(Data records)
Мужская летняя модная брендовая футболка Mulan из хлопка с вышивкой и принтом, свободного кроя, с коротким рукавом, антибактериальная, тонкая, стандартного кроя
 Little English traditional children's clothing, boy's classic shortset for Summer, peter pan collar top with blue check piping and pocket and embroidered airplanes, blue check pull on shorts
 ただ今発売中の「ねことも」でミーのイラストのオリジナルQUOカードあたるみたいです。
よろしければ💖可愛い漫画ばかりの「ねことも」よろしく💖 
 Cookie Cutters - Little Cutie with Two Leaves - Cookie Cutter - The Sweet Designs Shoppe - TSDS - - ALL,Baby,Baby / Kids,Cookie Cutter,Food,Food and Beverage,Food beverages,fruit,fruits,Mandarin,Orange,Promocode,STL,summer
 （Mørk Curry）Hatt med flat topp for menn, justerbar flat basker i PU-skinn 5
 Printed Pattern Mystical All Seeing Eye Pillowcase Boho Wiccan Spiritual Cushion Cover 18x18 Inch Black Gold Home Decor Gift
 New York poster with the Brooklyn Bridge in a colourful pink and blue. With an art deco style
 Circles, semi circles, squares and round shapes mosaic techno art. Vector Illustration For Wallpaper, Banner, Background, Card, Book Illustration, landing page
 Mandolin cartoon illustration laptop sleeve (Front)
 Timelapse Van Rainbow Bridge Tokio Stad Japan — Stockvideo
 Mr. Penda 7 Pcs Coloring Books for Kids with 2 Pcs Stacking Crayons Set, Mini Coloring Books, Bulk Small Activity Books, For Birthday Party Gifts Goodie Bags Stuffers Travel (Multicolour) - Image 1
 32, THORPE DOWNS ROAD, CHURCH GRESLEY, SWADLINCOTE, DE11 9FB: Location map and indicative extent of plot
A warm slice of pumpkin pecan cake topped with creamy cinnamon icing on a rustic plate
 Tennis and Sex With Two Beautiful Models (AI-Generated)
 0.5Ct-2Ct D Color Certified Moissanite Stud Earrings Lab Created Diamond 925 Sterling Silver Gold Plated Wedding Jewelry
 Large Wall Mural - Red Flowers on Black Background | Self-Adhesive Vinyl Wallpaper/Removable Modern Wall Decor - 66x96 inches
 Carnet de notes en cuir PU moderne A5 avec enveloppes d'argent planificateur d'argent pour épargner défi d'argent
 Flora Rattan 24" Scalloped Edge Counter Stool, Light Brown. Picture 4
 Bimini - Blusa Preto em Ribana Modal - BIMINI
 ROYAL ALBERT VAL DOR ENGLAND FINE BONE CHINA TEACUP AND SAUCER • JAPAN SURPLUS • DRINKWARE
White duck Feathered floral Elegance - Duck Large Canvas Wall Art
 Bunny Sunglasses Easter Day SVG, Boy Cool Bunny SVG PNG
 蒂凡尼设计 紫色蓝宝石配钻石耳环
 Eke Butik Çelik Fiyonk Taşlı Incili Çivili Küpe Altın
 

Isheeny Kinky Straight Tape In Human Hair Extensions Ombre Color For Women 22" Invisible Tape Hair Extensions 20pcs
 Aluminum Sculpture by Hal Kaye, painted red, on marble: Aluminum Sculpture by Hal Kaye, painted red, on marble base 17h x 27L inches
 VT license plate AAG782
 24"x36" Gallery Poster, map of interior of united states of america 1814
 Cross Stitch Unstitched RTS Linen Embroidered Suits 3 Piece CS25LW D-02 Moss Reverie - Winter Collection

> _Required work_
Wherever a line in the entries above holds "Gold", copy that line.

> _Answer section_
 Printed Pattern Mystical All Seeing Eye Pillowcase Boho Wiccan Spiritual Cushion Cover 18x18 Inch Black Gold Home Decor Gift
 0.5Ct-2Ct D Color Certified Moissanite Stud Earrings Lab Created Diamond 925 Sterling Silver Gold Plated Wedding Jewelry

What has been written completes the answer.